**GIVEN RECORDS:**
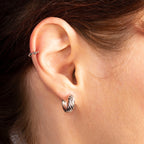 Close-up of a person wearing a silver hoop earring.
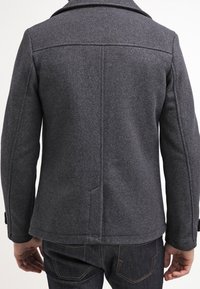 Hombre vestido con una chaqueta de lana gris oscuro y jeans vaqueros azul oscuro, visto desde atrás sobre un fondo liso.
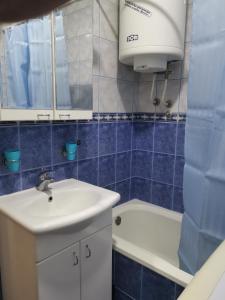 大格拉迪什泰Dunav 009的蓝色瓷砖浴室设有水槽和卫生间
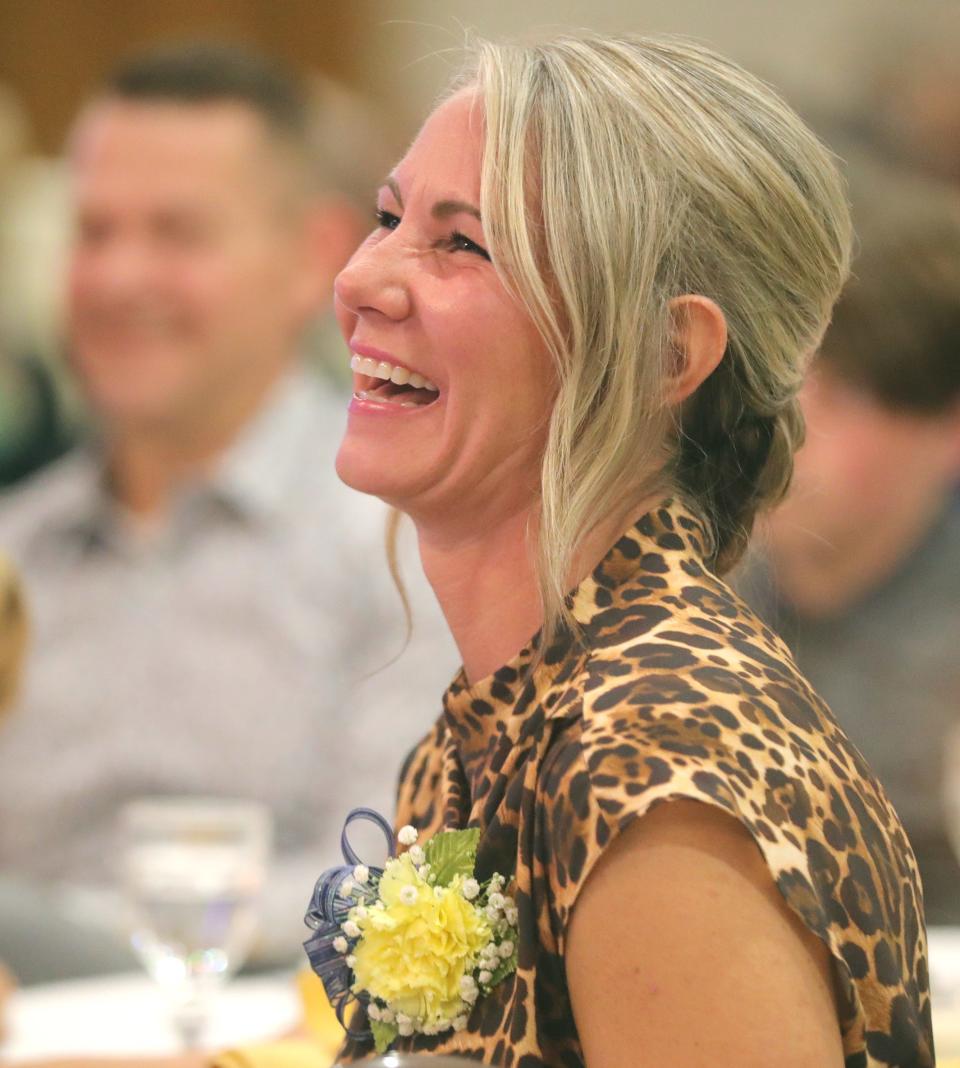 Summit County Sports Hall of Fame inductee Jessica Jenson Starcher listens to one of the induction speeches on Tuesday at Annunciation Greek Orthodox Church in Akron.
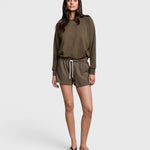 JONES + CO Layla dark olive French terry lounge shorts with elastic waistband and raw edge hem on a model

**ASSIGNED TASK:** Set down word for word the lines from the first entry through the line with "Summit County Sports", both included, omitting pictures.

**RESULT OF THE TASK:**
 Close-up of a person wearing a silver hoop earring.
 Hombre vestido con una chaqueta de lana gris oscuro y jeans vaqueros azul oscuro, visto desde atrás sobre un fondo liso.
 大格拉迪什泰Dunav 009的蓝色瓷砖浴室设有水槽和卫生间
 Summit County Sports Hall of Fame inductee Jessica Jenson Starcher listens to one of the induction speeches on Tuesday at Annunciation Greek Orthodox Church in Akron.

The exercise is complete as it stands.